Historical Techniques

In the early days of collecting and study, fossil preparators worked exclusively with hand tools, especially awls and chisels. Bones were set up on sandbags for protection in a position favorable for working, and held firmly in place by means of several additional sandbags. A rotating stand or table was useful for keeping the working surface of the bone turned toward the light from a window.

Preparators removed hard matrix from the bones by chipping it away with a tedious, repetitive tapping of light shoemaker’s hammers on hardened steel chisels or awls for finer work. The work was exhausting for the preparator, and sometimes too hard on fragile specimens. The shock from the repeated blows could cause soft or brittle specimens to break. Applying hardening agents like shellac or gum arabic could prevent some of this damage, but little could be done to protect thin edges or other delicate structures.

Another problem was that a wide range of motion was required for wielding a hammer and chisel. On complicated bones with deep and intricate cavities, it was often impossible to find space for the blade of the chisel, an appropriate chisel angle to cleanly pluck matrix away without carrying a piece of fossil with it, or room to swing the hammer. This meant that early preparators were sometimes forced to deliberately break complicated fossils into pieces to remove matrix. But the greatest disadvantage of using hand tools was the slowness of the work.

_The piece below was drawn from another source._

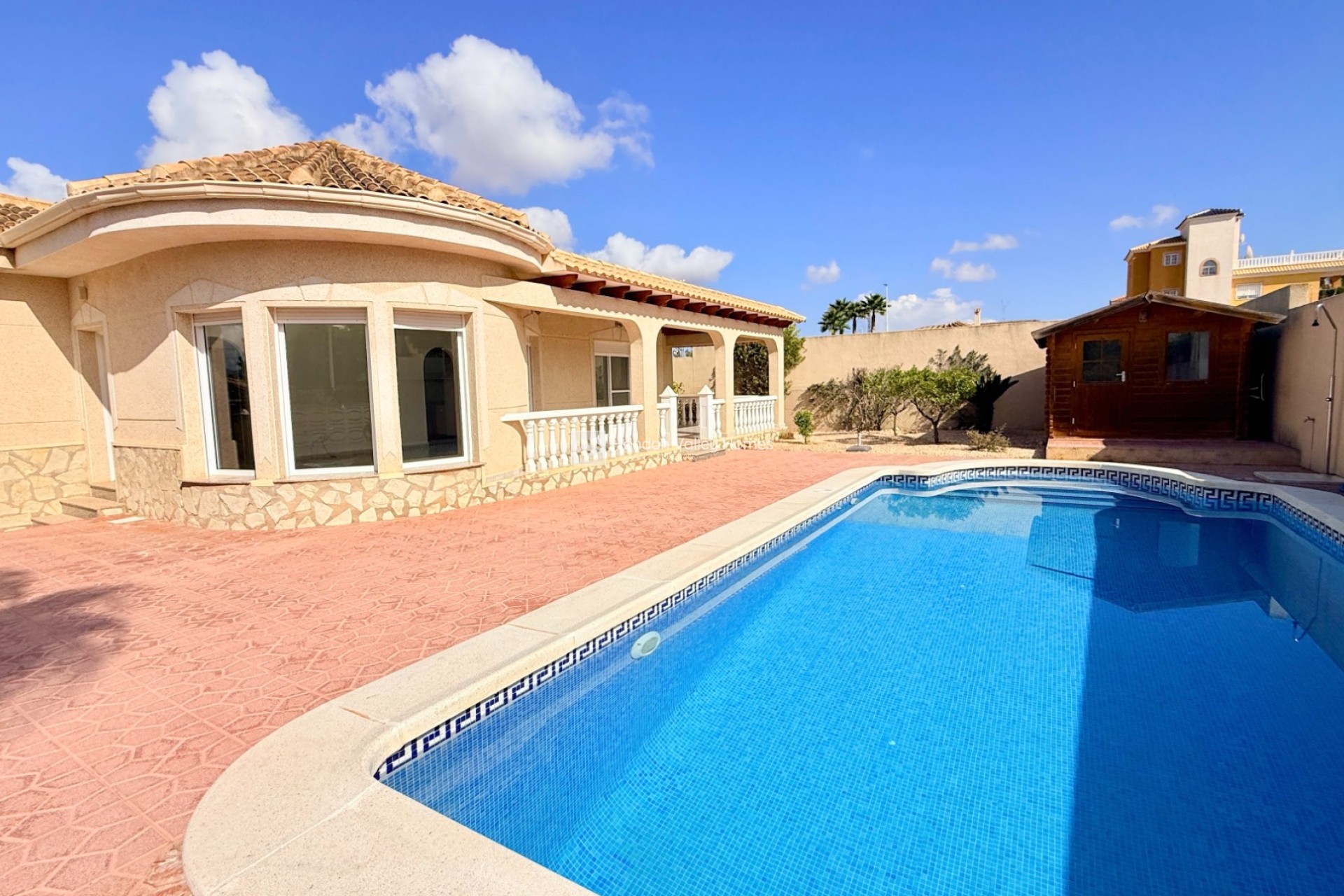 Herverkoop - Villa - Hondón de las Nieves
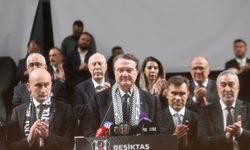 Beşiktaş Kulübünün yeni başkanı Hasan Arat, teşekkür konuşması yaptı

Preparing the coelophysis block. 
Alex J. Rota/© AMNH

To get around the problem of speed, particularly as the volumes of specimens collected began to grow rapidly, in the early 20th century preparators derived new techniques by adapting the technologies developed for large, commercial professions like dentistry. An electric dental lathe and dental engine was installed at the AMNH laboratory, while similar electric mallets and lathes were used at the Carnegie Museum. These motors were used to operate small grinding wheels, dental burs, or rotary brushes (wire or bristle). By using a flexible arm attachment, it was possible to get a greater range of motion and better access to cavities than could be achieved with ordinary hand tools.

Modified dental appliances were ideal for working on delicate skulls and teeth, but almost useless for the heavier work often involved in dinosaur paleontology. Using acids to soften hard matrix was one possible alternative, but there are disadvantages to this technique, including noxious fumes and the care required to ensure that the acid dissolved only the matrix and not the fossils. Modified sandblasting equipment was found to be very practical for cleaning matrix from large bone surfaces, but only where the matrix was considerably softer than the bone.

The introduction of pneumatic tools, especially the pneumatic hammer/chisel, was the one of the most important innovations made in fossil preparation. Paleontologist Elmer S. Riggs developed this technique at Chicago’s Field Museum early in 1903. To obtain a more controlled stroke, a special chisel-holding attachment was threaded onto the end of the pneumatic hammer. The attachment used a coil spring to absorb some of the impact and soften the blows of the hammer. Its square fitting also prevented the chisel from rotating. An air escape vent directed forward blew dust and fragments away from the working surface. Work with the pneumatic hammer was faster, more accurate, more versatile, and easier on both fossils and preparators.

These critical lab innovations–acid preparation, sand-blasting, and especially pneumatic hammers and chisels–dramatically improved the speed and quality of fossil preparation. A century later, these same tools and techniques are still the mainstays of modern fossil preparation.